By Diane Lourdes Dick, Seattle University School of Law
My recent article, Bankruptcy’s Corporate Tax Loophole, 82 Fordham L. Rev. 2273 (2014), explains how corporate debtors use Chapter 11 to divert the value of tax losses and credits to a select group of stakeholders in contravention of bankruptcy’s distributional norms.
The problem stems from an ambiguity at the intersection of federal tax and bankruptcy law. Bankruptcy-specific exceptions in the tax laws transform a corporate debtor’s tax attributes into marketable property that, in many cases, gives the bankruptcy estate its intrinsic value. Yet bankruptcy law’s most vital safeguards neglect to fully take into account these tax assets, leaving them vulnerable to siphoning by dominant stakeholders who are in a position to extract excess returns.

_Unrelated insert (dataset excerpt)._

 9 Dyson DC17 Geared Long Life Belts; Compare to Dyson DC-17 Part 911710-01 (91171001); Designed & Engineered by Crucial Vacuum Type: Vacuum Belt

Most notably, the debtor’s valuable tax attributes slip through the cracks of the “fair and equitable” test for contested Chapter 11 plans. The analysis requires, in pertinent part, that the court evaluate whether the plan provides each impaired and dissenting creditor with at least as much as it would have received in a hypothetical Chapter 7 liquidation. But testing a Chapter 11 plan against a hypothetical liquidation naturally omits the debtor’s tax attributes from consideration, as they would be extinguished when the liquidated debtor is subsequently dissolved. This means that the “fair and equitable” analysis ignores the very existence of what may be the debtor’s most valuable asset.
This extraordinary gap not only facilitates inequitable allocations of economic benefits and burdens in Chapter 11 but also causes a much broader, systematic misallocation of resources. I recommend statutory revisions to the federal tax and bankruptcy laws to neutralize the tax consequences of corporate restructuring decisions.